Jason Poland’s Robbie and Bobby for the 3rd is a Library of Babel comic strip. This is mathematical enough for me. Jorge Luis Borges’s Library is a magnificent representation of some ideas about infinity and probability. I’m surprised to realize I haven’t written an essay specifically about it. I have touched on it, in writing about normal numbers, and about the infinite monkey theorem.

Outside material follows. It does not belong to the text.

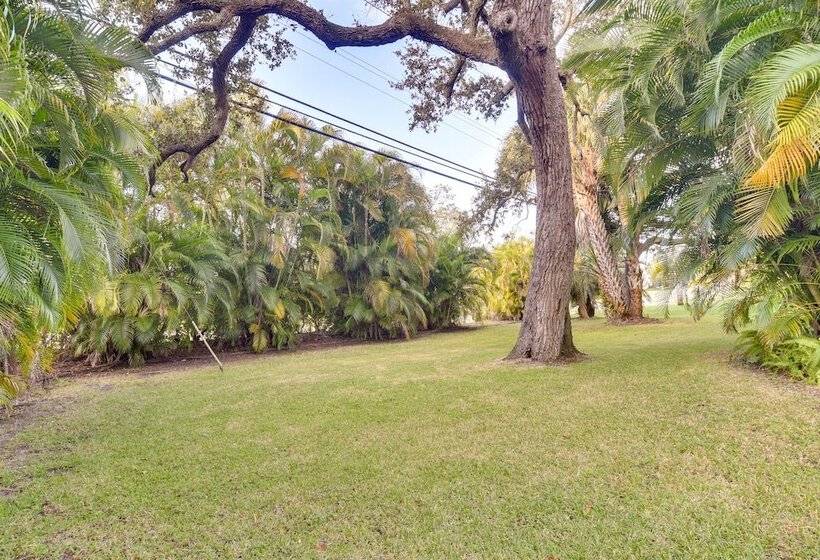 Serene, Coastal Largo Retreat: Minutes To Beaches!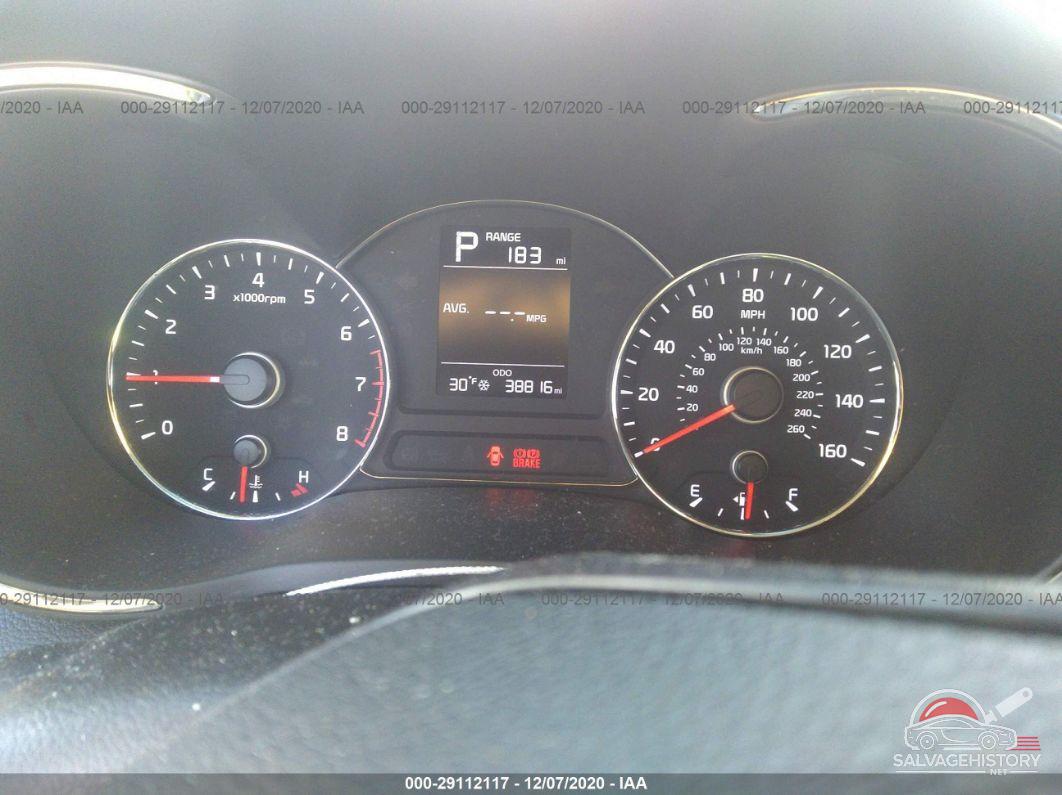 3KPFK4A7XJE184301 2018 KIA FORTE photo no. 7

At a tower. Bobby: 'The library of Babel!' Robbie: 'Inside is every book that will ever be written! It may take the rest of our lives to search, but it'll be worth it!' Bobby: 'What? No index?' Robbie: 'The search for meaning has no index.' Bobby (on the phone): 'I just downloaded one.' Robbie: 'It can't have everything. ... Mark Twain vs Frankenstein? Dante in Space? Harry Potter Infinity?' Bobby: 'Yep. All available as e-books too! Wow, Jeff Goldblum does the audio books.' Robbie: 'pfff. Well, forget this place!' (They leave a 'BORING' sign across the library's door.)
Jason Poland’s Robbie and Bobby for the 3rd of April, 2019. I would have sworn that I write more about this strip. But this seems to be the first time I’ve mentioned it since 2017. Well, that and other Robbie and Bobby-based essays are at this link.

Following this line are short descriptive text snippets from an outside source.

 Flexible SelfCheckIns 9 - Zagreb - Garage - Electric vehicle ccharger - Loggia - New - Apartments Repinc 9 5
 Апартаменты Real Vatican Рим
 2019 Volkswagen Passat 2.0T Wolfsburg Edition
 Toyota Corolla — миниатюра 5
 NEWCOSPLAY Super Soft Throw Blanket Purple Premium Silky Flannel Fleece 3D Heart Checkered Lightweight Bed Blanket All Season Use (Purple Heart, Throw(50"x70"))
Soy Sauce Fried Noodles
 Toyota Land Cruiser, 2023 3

The strip explains things well enough. The Library holds every book that will ever be written. In the original story there are some constraints. Particularly, all the books are 410 pages. If you wanted, say, a 600-page book, though, you could find one book with the first 410 pages and another book with the remaining 190 pages and then some filler. The catch, as explained in the story and in the comic strip, is finding them. And there is the problem of finding a ‘correct’ text. Every possible text of the correct length should be in there. So every possible book that might be titled Mark Twain vs Frankenstein, including ones that include neither Mark Twain nor Frankenstein, is there. Which is the one you want to read?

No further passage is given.